Question: If you were an employer, how does a short-work program help you out in times of trouble, and why might you be tempted to be
If you were an employer, how does a short-work program help you out in times of trouble, and why might you be tempted to be in trouble all the time?
CASE CONTEXT:
Although the global economic recession of 2007-2008 hit all countries hard, some nations were able to weather this storm better than others, at least with respect to layoffs and unemployment. For example, in Holland, even at the peak of the recession, the Dutch unemployment rate was at just 3.7%, well below the double-digit numbers experienced in the United States. Much of the credit for this can be traced to so called "short-work" programs established in the Netherlands, where government intervention and subsidies help soften the blows associated with sharp swings in labor demand and supply.

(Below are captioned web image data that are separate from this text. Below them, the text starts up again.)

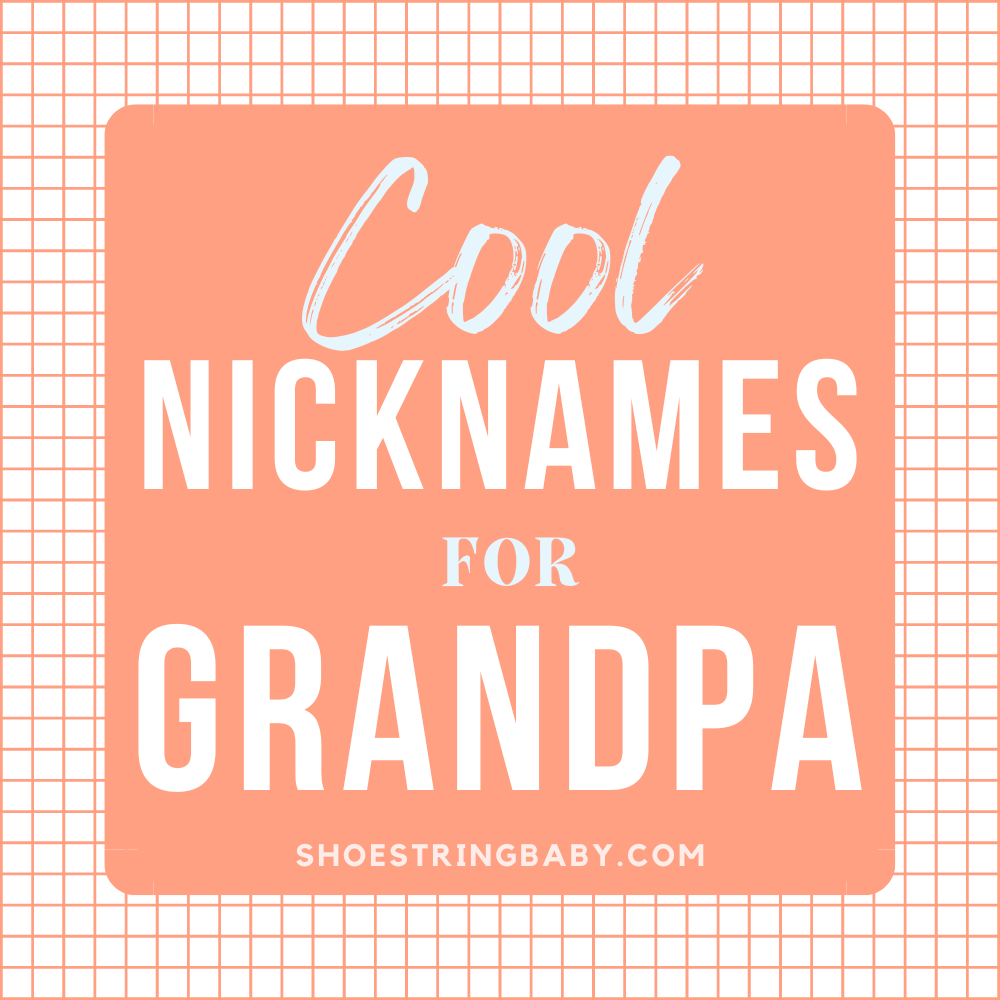 85 Cool & Cute Grandpa Names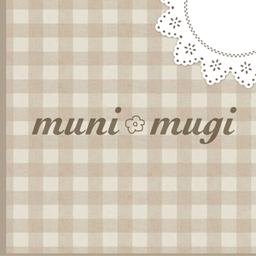 muni＊mugi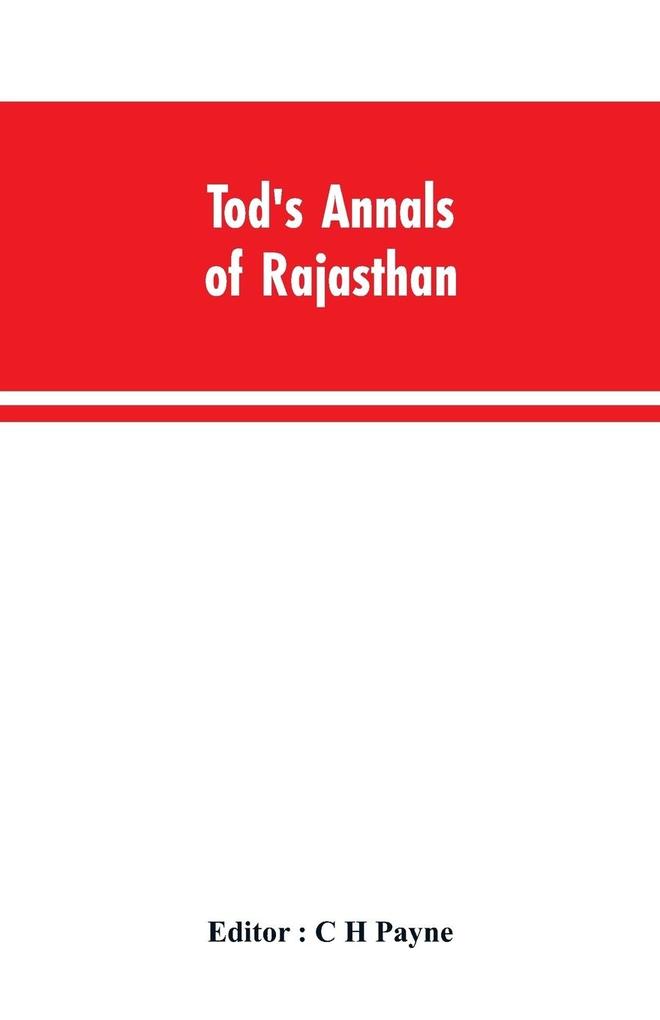 Tod‘s Annals of Rajasthan; The Annals of the Mewar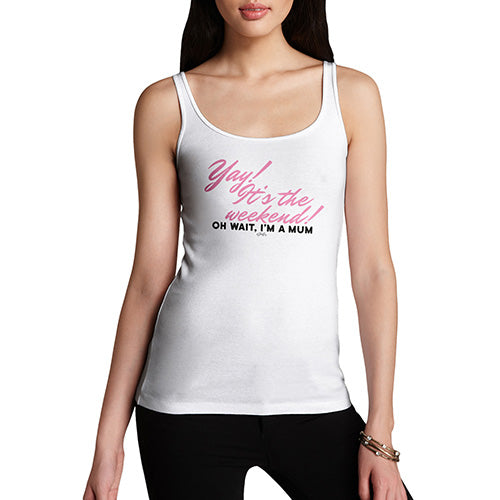 Funny Tank Tops For Women Yay! It's The Weekend Women's Tank Top Small White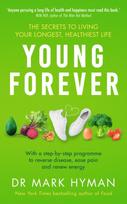 Young Forever, THE SUNDAY TIMES BESTSELLER - reverse disease, ease pain and renew energy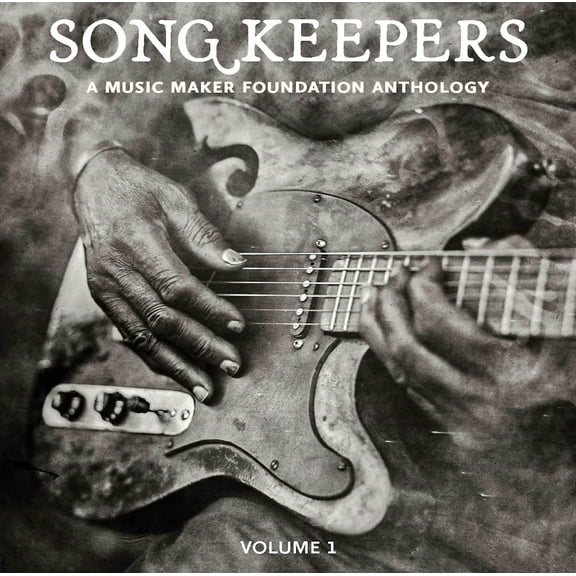 Various Artists - Song Keepers: A Music Maker Anthology, Volume I (Various Artists) - Music & Performance - Vinyl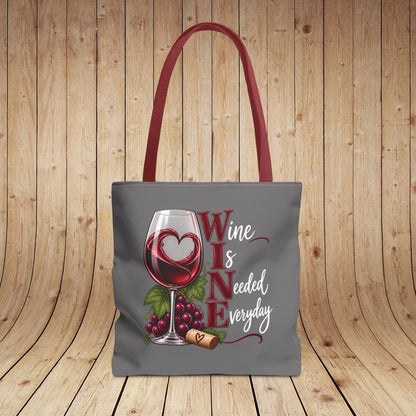 WINE Is Needed Everyday Personalized Tote Bag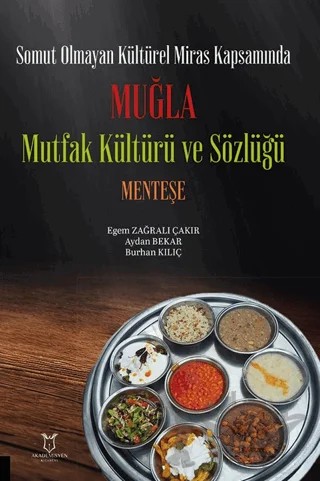 Somut Olmayan Kültürel Miras Kapsamında Muğla Mutfak Kültürü ve Sözlüğü Menteşe – Egem Zağralı Çakır, Aydan Bekar, Burhan Kılıç – Akademisyen Kitabevi kitap kapağı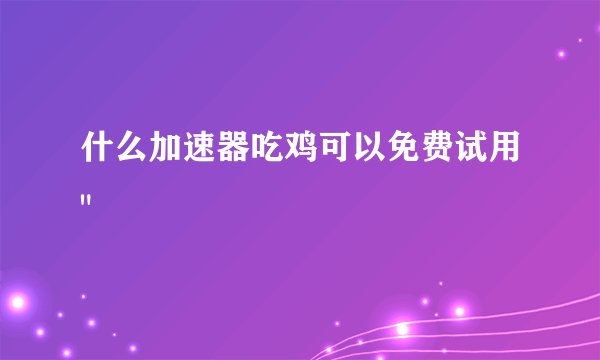 什么加速器吃鸡可以免费试用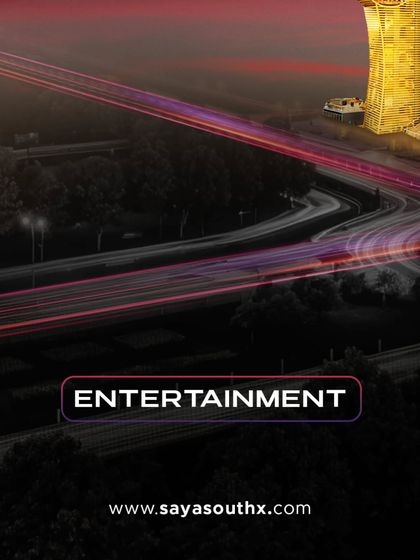 Highlighting the entertainment aspect of Saya South X. The image shows the project's strategic location with high-speed connectivity, positioning it as a powerhouse of entertainment for the entire region.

Short-work programs were historically introduced in Holland during the Nazi occupation in the 1940s but they were often reintroduced after the Second World War during times of dire need. In the most recent recession, to qualify for a subsidy, an employer had to show that their organization experienced a 30%% drop in revenue over a two-month period, thus qualifying as a "sharp swing. " Rather than resorting to layoffs, the company simply reduces the hours each person works, and then the government pays workers for a large percentage of the hours that were lost. For example, at DAF Trucks, even though demand for trucks dropped by over 50% in 2009, the company maintained over 80% of its full-time staff.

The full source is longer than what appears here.